▶ Data:
######

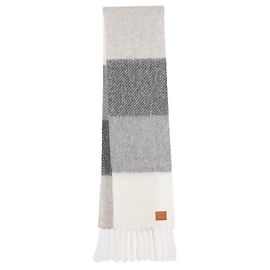 Loewe Sciarpa in misto lana di alpaca Marrone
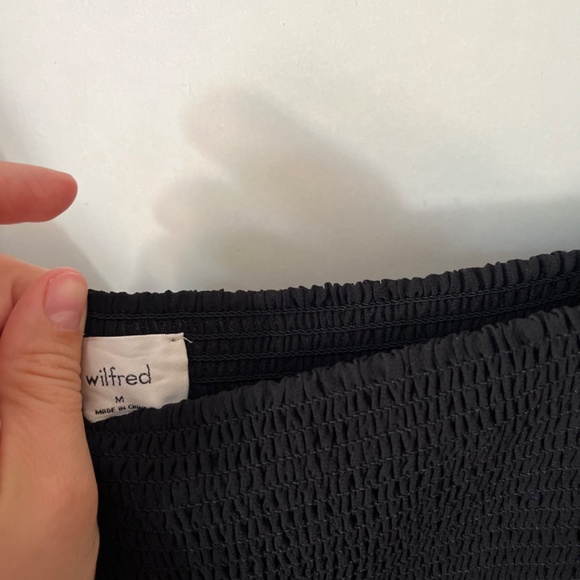 Aritzia wilfred tempest dress black medium - Picture 2 of 2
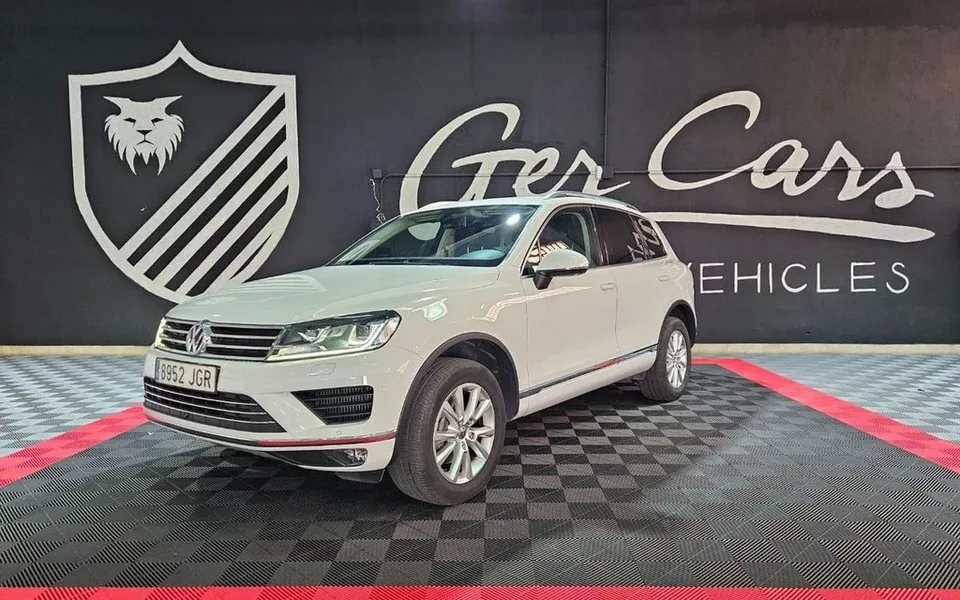 VOLKSWAGEN Touareg Touareg 3.0TDI V6 BMT 193kW Tiptronic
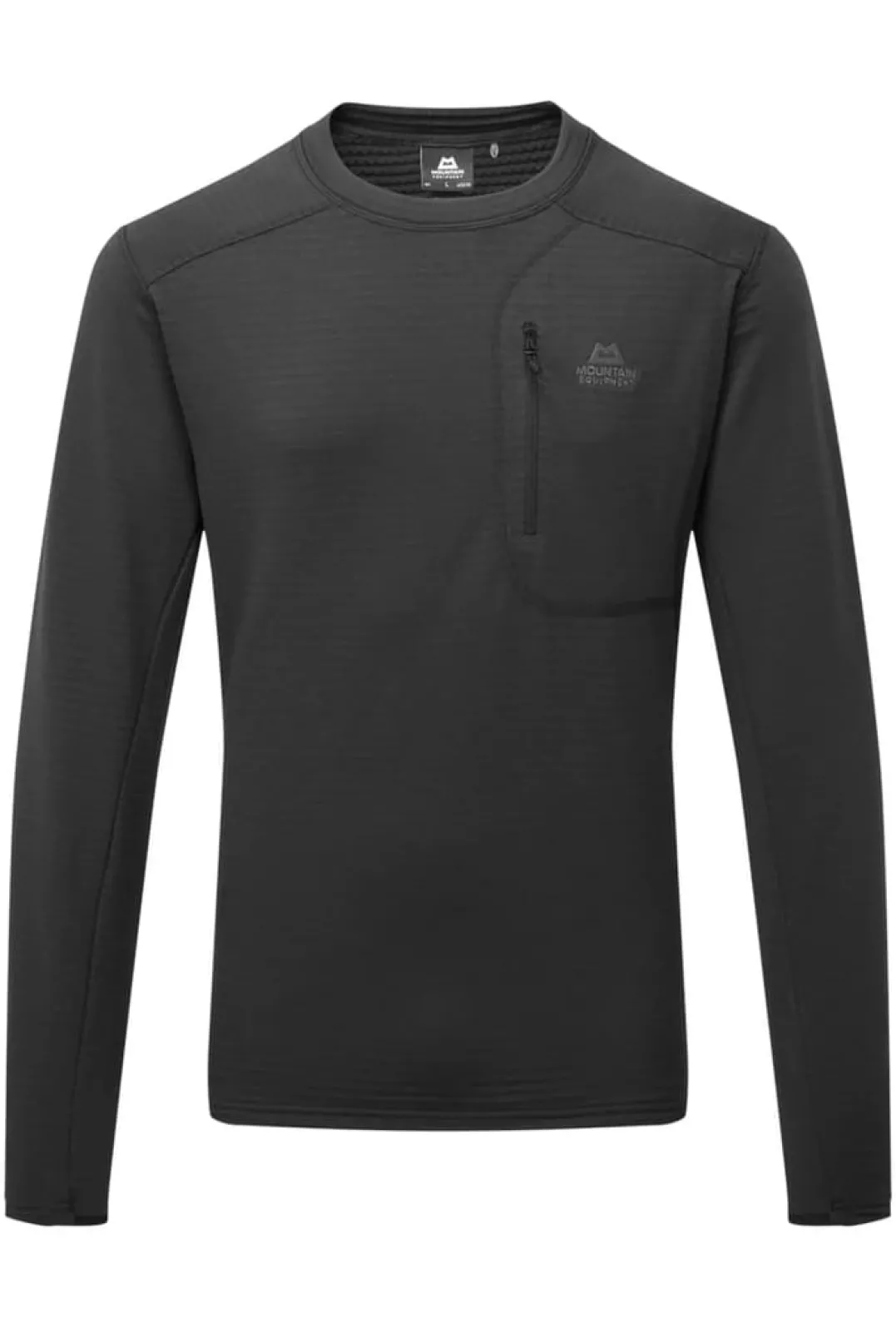 Mountain Equipment Apiro Mens Crew Black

######

▶ Required action:
Retype the listing exactly. Leave the pictures out.

▶ Exercise response:
 Loewe Sciarpa in misto lana di alpaca Marrone
 Aritzia wilfred tempest dress black medium - Picture 2 of 2
 VOLKSWAGEN Touareg Touareg 3.0TDI V6 BMT 193kW Tiptronic
 Mountain Equipment Apiro Mens Crew Black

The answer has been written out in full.